Angriff! Mit ausgebreiteten Schwingen rauscht der Weißkopfseeadler auf den eisbedeckten See zu. Seine Fänge, fast so groß wie Männerhände, streckt er weit nach vorn.
Unter ihm klafft ein großes Loch im Eis. Doch nicht auf einen Fisch unter der Wasseroberfläche hat er es abgesehen, sondern auf einen anderen Adler.
Typisch Weisskopfseeadler!
Der steht auf dem Eis und macht sich gerade über einen erbeuteten Lachs her. Unter Flügelschlagen und Gekeife fetzen sich die Vögel mit Krallen und Schnabel. Schnee spritzt auf, Federn fliegen. Bis ein dritter Adler auftaucht - und sich mit dem Lachs davonmacht...

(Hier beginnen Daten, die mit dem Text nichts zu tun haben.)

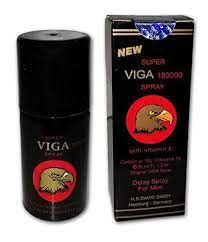 Viga Delay Sex Spray For Men Strong Men Spray Prolong Ejaculation Colombo Mall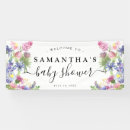 Recherche de chemin de jardin posters Fille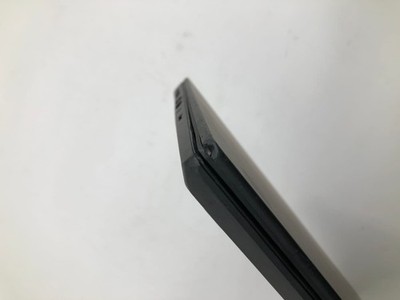 Lenovo | ThinkPad T14 Gen 1 | Ryzen 5 PRO 4650U | 16GB | 512GB | 91% Battery 6 Lenovo | ThinkPad T14 Gen 1 | Ryzen 5 PRO 4650U | 16GB | 512GB | 91% Battery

Typisch Weißkopfseeadler! Die mächtigen Greife sind bekannt für ihre Streitlust. Manchmal überrumpeln sie einander sogar in der Luft und trudeln dann im Sturzflug in die Tiefe. Hauptsache, man zeigt dem anderen, dass man keine Angst hat.
Diese Vögel kommen nur in Nordamerika vor und leben am liebsten in menschenleeren Gegenden, wo sie saubere Gewässer finden. Kein Fisch entgeht ihrem Blick.
Ihre Augen sind viermal schärfer als die von Menschen. Und ihre Geschwindigkeit ist atemraubend: Mit bis zu 150 km/h stürzen sich die Raubvögel vom Himmel auf ihre Beute.
Im Winter wird es vielen Weißkopfseeadlern in ihren Revieren auf dem Festland zu ungemütlich. Dann zieht es sie fort - zum Beispiel auf die Alëuten, eine Inselkette zwischen Russland und Alaska.
Dieses Revier ist ideal zum Überwintern. Es wird von warmen Meeresströmungen umspült und bleibt dadurch eisfrei. Selbst im Inneren der Inseln frieren die Seen nie ganz zu, sodass die Adler immer Fische finden.
So kommt es, dass sich die majestätischen Tiere hier zu Hunderten drängen, obwohl sie normalerweise außer ihrem Partner keinen Artgenossen in der Nähe dulden. Nur im Winterquartier hopsen sie notgedrungen in Scharen um die Eislöcher. Und noch aus großem Abstand ist ihr Ruf zu hören, der wie ein grelles Keckern, Kichern, Keifen klingt.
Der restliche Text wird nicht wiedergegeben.